Judy Holliday préfère alors se retrancher sur les scènes de théâtre et limiter ses prestations hollywoodiennes. Elle joue néanmoins face à Jack Lemmon, déjà croisé pour Une femme qui s’affiche, dans Phffft (Robson, 1954), puis enchaîne deux films pour Richard Quine, malheureusement assez moyens : Une Cadillac en or massif (1956) et l’improbable Pleine de vie (1956). Dans ce dernier long métrage, Judy Holliday, jeune femme pleine de vie justement, doit se ménager car elle est enceinte (et pleine de vie donc) et menacée d’une fausse couche. Plus consternant, ce n’est guère possible, même pour le Film du jour…

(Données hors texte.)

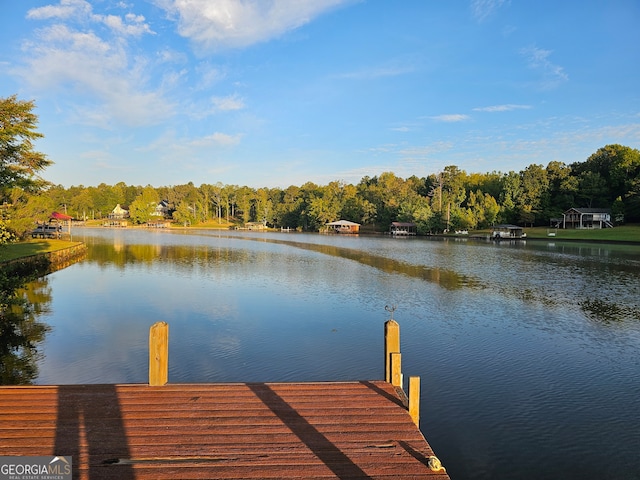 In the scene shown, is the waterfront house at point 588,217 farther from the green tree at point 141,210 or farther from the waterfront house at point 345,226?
the green tree at point 141,210

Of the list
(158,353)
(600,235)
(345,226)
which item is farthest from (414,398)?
(345,226)

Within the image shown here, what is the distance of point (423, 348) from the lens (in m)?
12.8

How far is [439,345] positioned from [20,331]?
13286 mm

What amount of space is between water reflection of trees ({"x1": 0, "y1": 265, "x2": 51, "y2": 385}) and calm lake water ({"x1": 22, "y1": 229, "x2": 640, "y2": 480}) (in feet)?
1.04

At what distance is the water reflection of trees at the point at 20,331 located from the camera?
10469 mm

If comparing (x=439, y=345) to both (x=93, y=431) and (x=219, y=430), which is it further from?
(x=93, y=431)

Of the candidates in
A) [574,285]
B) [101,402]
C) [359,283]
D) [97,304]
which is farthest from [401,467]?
[574,285]

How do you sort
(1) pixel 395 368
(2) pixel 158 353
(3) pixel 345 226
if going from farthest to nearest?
(3) pixel 345 226 → (1) pixel 395 368 → (2) pixel 158 353

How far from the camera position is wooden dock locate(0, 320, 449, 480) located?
199 inches

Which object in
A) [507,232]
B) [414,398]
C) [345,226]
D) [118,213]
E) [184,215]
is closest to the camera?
[414,398]

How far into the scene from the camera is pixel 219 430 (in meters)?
5.90

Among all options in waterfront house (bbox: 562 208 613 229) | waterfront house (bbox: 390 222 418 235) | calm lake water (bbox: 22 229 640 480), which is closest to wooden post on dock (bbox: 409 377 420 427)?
calm lake water (bbox: 22 229 640 480)

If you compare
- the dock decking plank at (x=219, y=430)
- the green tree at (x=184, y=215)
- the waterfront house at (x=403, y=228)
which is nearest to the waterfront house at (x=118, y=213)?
the green tree at (x=184, y=215)

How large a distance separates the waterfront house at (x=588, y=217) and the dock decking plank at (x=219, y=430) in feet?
283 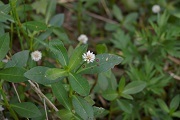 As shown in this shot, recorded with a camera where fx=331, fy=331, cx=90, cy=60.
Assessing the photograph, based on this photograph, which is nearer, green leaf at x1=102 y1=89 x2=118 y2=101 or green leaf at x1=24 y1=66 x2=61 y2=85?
Answer: green leaf at x1=24 y1=66 x2=61 y2=85

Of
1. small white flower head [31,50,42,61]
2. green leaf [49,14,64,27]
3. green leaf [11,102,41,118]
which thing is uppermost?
green leaf [49,14,64,27]

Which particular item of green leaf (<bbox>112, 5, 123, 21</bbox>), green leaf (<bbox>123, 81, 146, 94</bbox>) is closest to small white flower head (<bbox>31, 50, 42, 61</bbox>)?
green leaf (<bbox>123, 81, 146, 94</bbox>)

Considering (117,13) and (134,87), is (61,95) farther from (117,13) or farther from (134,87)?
(117,13)

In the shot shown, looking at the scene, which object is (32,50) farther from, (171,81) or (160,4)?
(160,4)

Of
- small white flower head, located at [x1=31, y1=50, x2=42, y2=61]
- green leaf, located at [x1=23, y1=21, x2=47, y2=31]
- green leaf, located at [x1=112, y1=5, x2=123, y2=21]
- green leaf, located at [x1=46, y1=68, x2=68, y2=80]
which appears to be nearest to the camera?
green leaf, located at [x1=46, y1=68, x2=68, y2=80]

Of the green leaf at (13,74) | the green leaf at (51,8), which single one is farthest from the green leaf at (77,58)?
the green leaf at (51,8)

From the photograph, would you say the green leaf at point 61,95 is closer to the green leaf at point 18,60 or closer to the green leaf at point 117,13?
the green leaf at point 18,60

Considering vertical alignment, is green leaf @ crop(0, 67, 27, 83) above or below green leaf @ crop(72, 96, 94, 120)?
above

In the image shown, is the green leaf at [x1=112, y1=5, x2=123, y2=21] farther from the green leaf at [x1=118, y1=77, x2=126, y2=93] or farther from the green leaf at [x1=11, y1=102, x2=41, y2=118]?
the green leaf at [x1=11, y1=102, x2=41, y2=118] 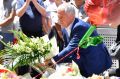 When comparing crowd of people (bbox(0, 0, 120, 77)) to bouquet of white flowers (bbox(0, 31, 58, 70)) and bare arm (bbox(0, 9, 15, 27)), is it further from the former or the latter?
bouquet of white flowers (bbox(0, 31, 58, 70))

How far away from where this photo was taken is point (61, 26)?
5.22 metres

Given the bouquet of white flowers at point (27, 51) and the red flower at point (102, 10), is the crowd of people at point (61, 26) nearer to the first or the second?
the bouquet of white flowers at point (27, 51)

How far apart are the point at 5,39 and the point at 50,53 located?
2170 mm

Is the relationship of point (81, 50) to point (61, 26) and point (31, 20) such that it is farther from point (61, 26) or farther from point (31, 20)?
point (31, 20)

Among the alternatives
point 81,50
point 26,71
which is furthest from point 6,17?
point 81,50

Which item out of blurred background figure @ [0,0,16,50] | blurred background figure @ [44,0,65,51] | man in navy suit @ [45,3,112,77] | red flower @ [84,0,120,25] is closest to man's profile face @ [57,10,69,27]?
man in navy suit @ [45,3,112,77]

Dans Pleine de vie (Quine, 1956), Judy Holliday est enceinte… comme le laisse élégamment supposer (?) l’épingle à nourrice

Avant sa disparition le 7 juin 1965 des suites d’un cancer à 44 ans à peine, Judy Holliday ne réapparaîtra qu’une seule fois sur grand écran.

Face à Dean Martin, elle interprète dans Un numéro du tonnerre (Minnelli, 1960) une employée d’une agence téléphonique, préposée aux « abonnés absents » et encline à s’immiscer dans la vie privée de ses clients…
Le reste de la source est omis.